The case of MI5, an MP and allegations of a Russian spy setting a honeytrap helps show that so-called secret courts are not used to protect the Government from embarrassments, a Cabinet minister has said.

Ken Clarke said the deportation case against Russian Katia Zatuliveter, which used the controversial closed hearings, collapsed "presumably on the grounds that she may have been an embarrassment but she was not a security threat".

Defending his widely-criticised plans for more "secret courts", the Minister without Portfolio said the reforms in the Justice and Security Bill were about national security alone.

The specialist lawyers involved in such hearings launched a "ferocious" attack on the Government's plans to extend the use of so-called closed material procedures.
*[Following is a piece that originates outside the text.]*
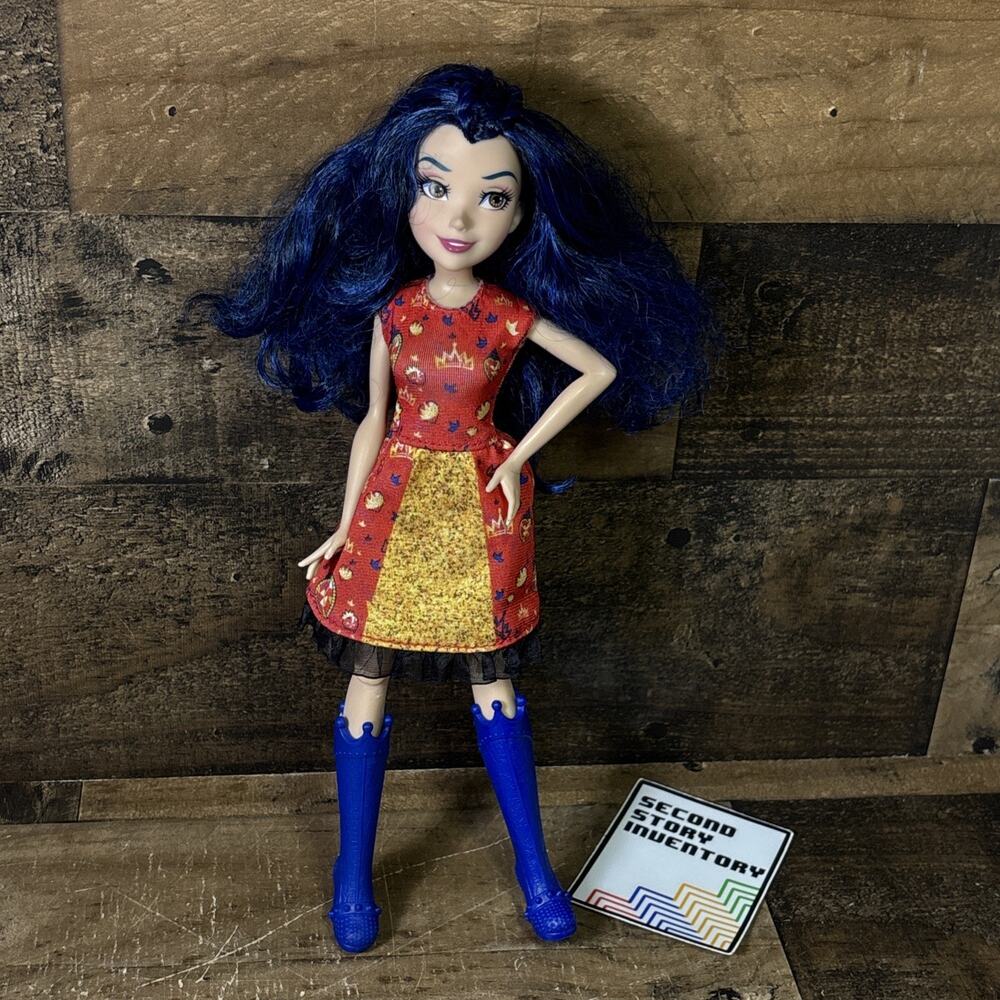 Disney Descendants Evie Isle of the Lost Doll Hasbro 2016 Toy Collectible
The advocates, who are appointed to represent someone's interests when they are excluded from hearing evidence, said key safeguards were missing and the plans would create a statutory straitjacket for judges.

But Mr Clarke said they were underplaying their own effectiveness, citing Miss Zatuliveter who won an appeal to remain in the UK last November after the Security Service argued she was passing information to Moscow.

She embarked upon an affair in 2006 with MP Mike Hancock, and went on to work for him in Parliament where he sat on the Defence Select Committee, before she was arrested in December 2010. But the Special Immigration Appeals Commission, which used hearings behind closed doors from which even Miss Zatuliveter and her lawyers were excluded, ruled in her favour.

"There was a Russian lady who had a close relationship with a member of Parliament who was a member of the defence committee who got herself all over the newspapers," Mr Clarke said.

"And the agencies wanted to deport her. And the evidence given by the agencies against whatever this Russian lady's name was - I'm sorry I can't remember her name, it wasn't her most memorable feature I'm told - was all heard in closed proceedings as they were making allegations of her involvement with Russian intelligence and they lost.

"The deportation collapsed, the applicant, the special advocate in closed material proceedings won, presumably on the grounds that she may have been an embarrassment but she was not a security threat."

Critics and civil rights campaigners say the move will create a "secret justice system straight from the pages of a Kafka novel", but the Bill's proponents claim it is needed so the Government can contest civil claims in the courts. The Government has said it is wasting taxpayers' money on settling claims, because it is unable to contest them as the evidence it would wish to produce is so secret that it cannot be revealed in an open court.